Prompt » Transcribe only the lines in the data below falling between the line with "Item preview, Hippo" and the line with "Vintage Elegant Patchwork", including those two lines, and leave out any picture.

Start of Dataset records

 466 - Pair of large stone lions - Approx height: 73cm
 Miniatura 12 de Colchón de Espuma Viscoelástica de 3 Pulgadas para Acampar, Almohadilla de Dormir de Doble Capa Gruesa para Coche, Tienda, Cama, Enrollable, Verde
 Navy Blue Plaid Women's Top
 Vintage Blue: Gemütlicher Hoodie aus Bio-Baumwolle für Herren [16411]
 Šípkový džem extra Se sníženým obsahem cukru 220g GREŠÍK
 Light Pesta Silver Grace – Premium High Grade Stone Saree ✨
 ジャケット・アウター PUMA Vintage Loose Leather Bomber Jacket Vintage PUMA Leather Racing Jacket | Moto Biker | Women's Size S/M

End of Dataset records
Start of Dataset records

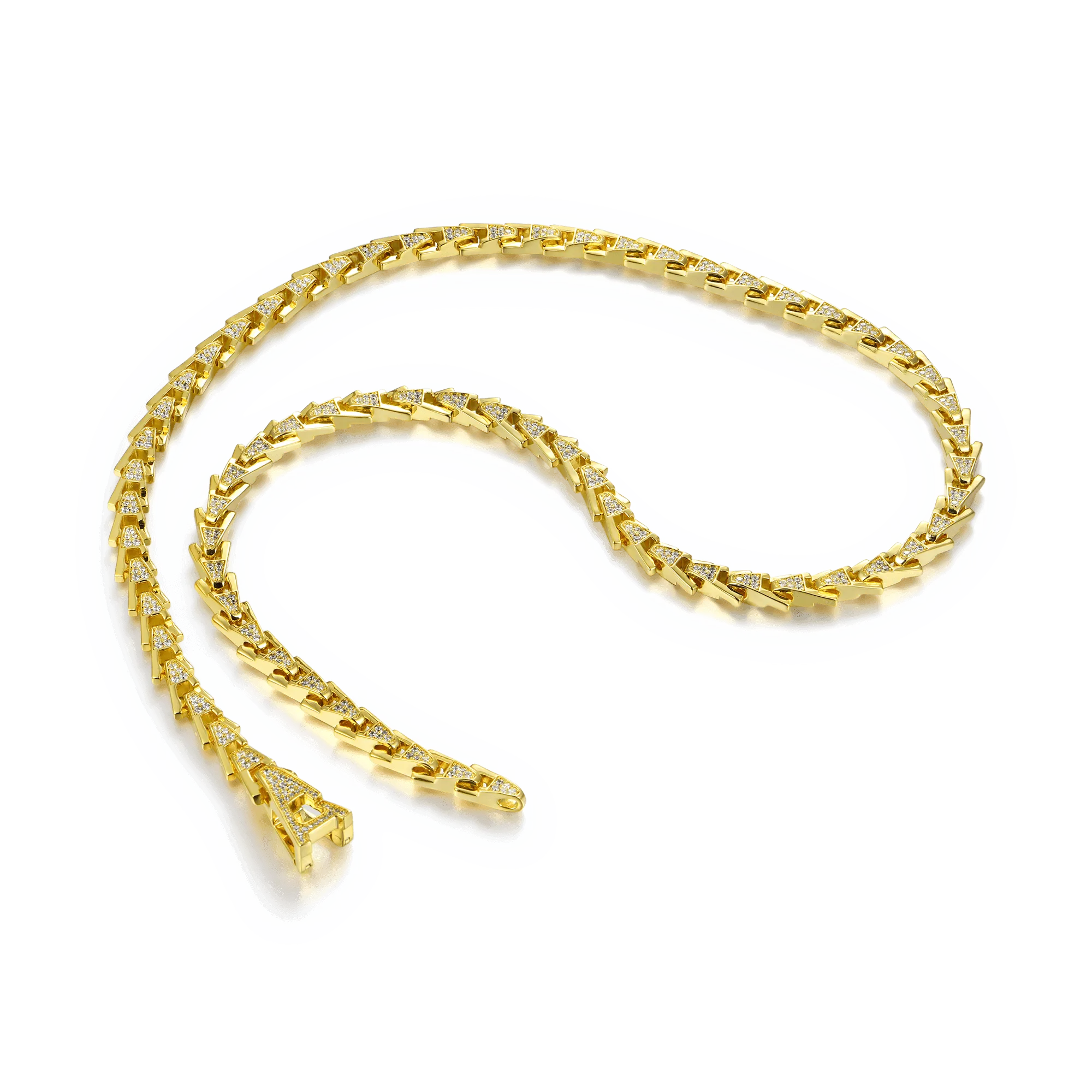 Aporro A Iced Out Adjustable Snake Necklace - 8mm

End of Dataset records
Start of Dataset records

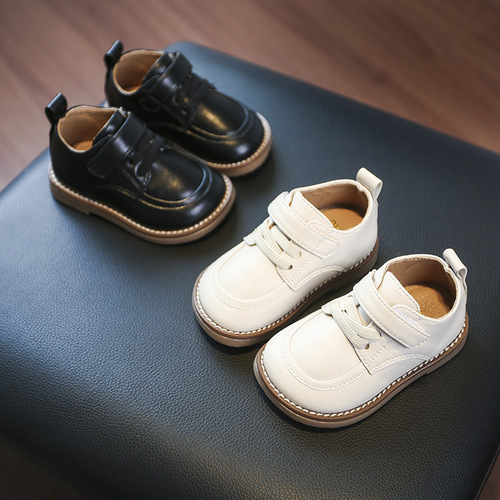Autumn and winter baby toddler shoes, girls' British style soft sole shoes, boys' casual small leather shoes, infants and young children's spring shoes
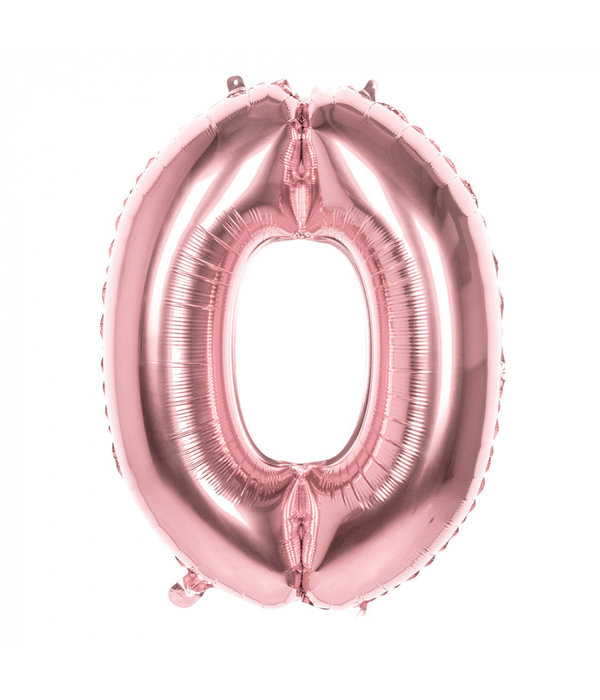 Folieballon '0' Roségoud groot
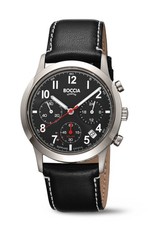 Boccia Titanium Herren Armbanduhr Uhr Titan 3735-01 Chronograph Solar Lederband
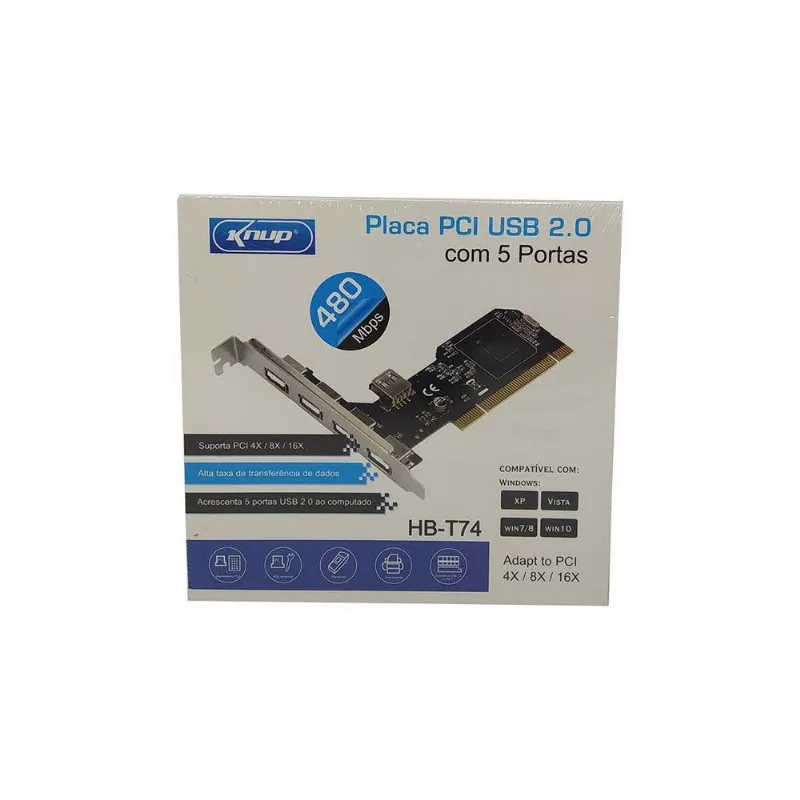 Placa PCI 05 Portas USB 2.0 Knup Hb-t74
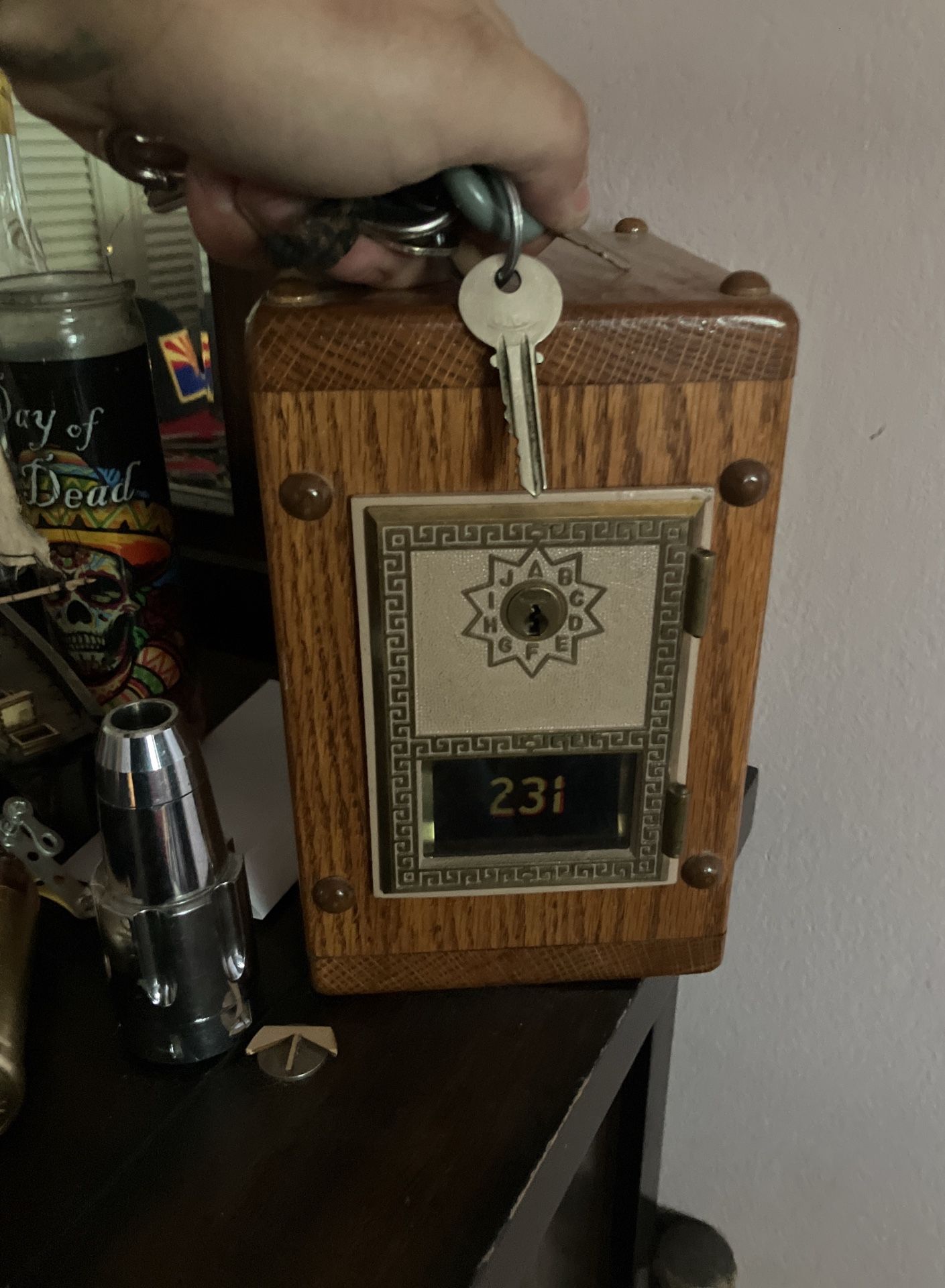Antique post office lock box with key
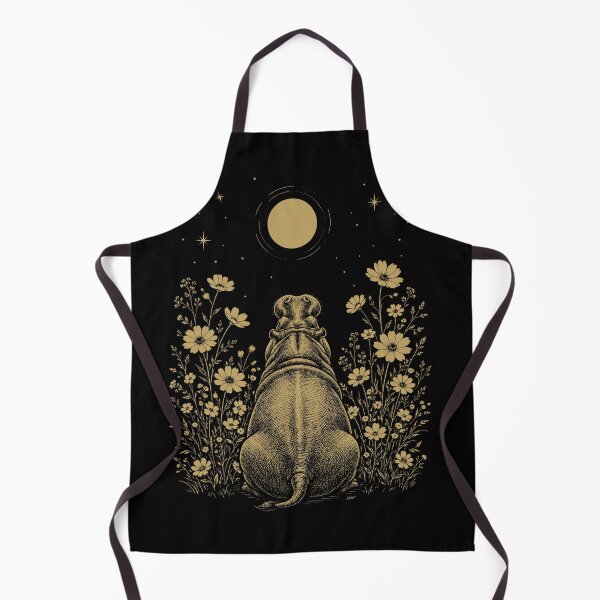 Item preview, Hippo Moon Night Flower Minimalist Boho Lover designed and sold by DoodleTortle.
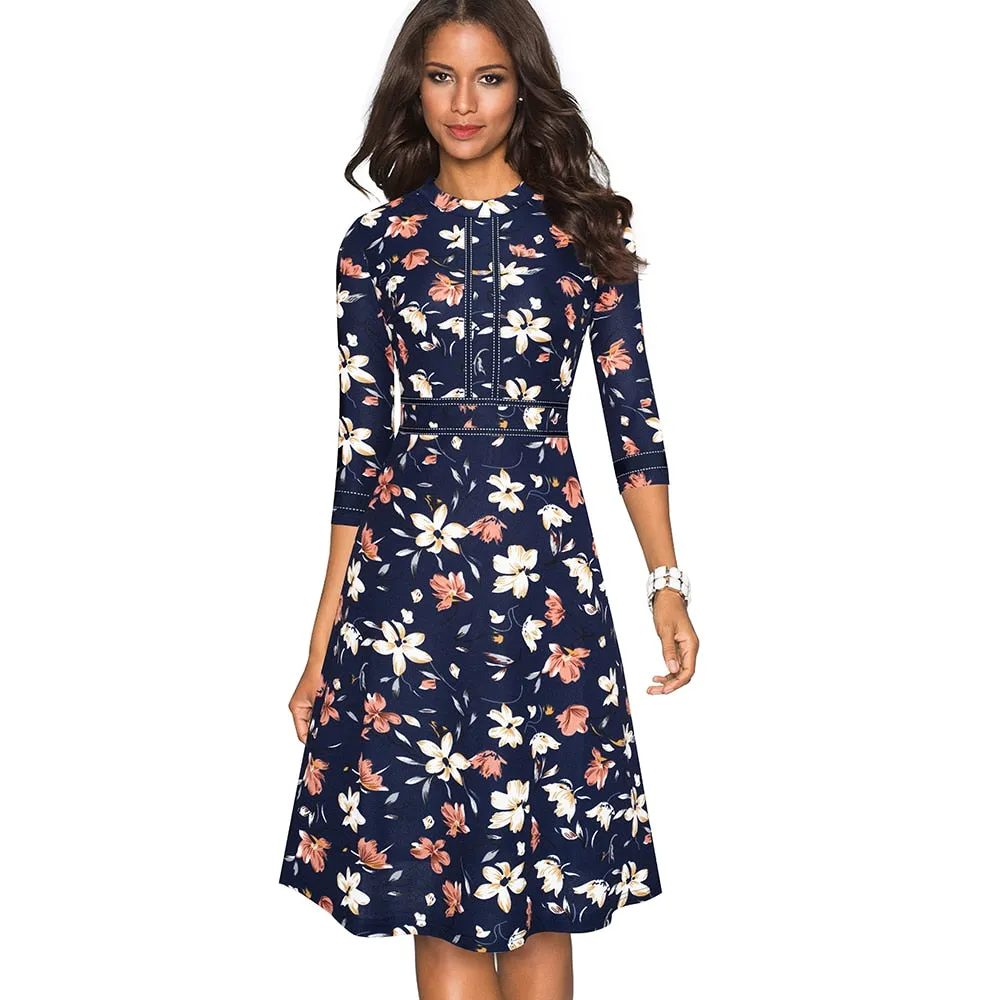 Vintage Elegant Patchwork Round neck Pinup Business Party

End of Dataset records

Answer section »
 Item preview, Hippo Moon Night Flower Minimalist Boho Lover designed and sold by DoodleTortle.
 Vintage Elegant Patchwork Round neck Pinup Business Party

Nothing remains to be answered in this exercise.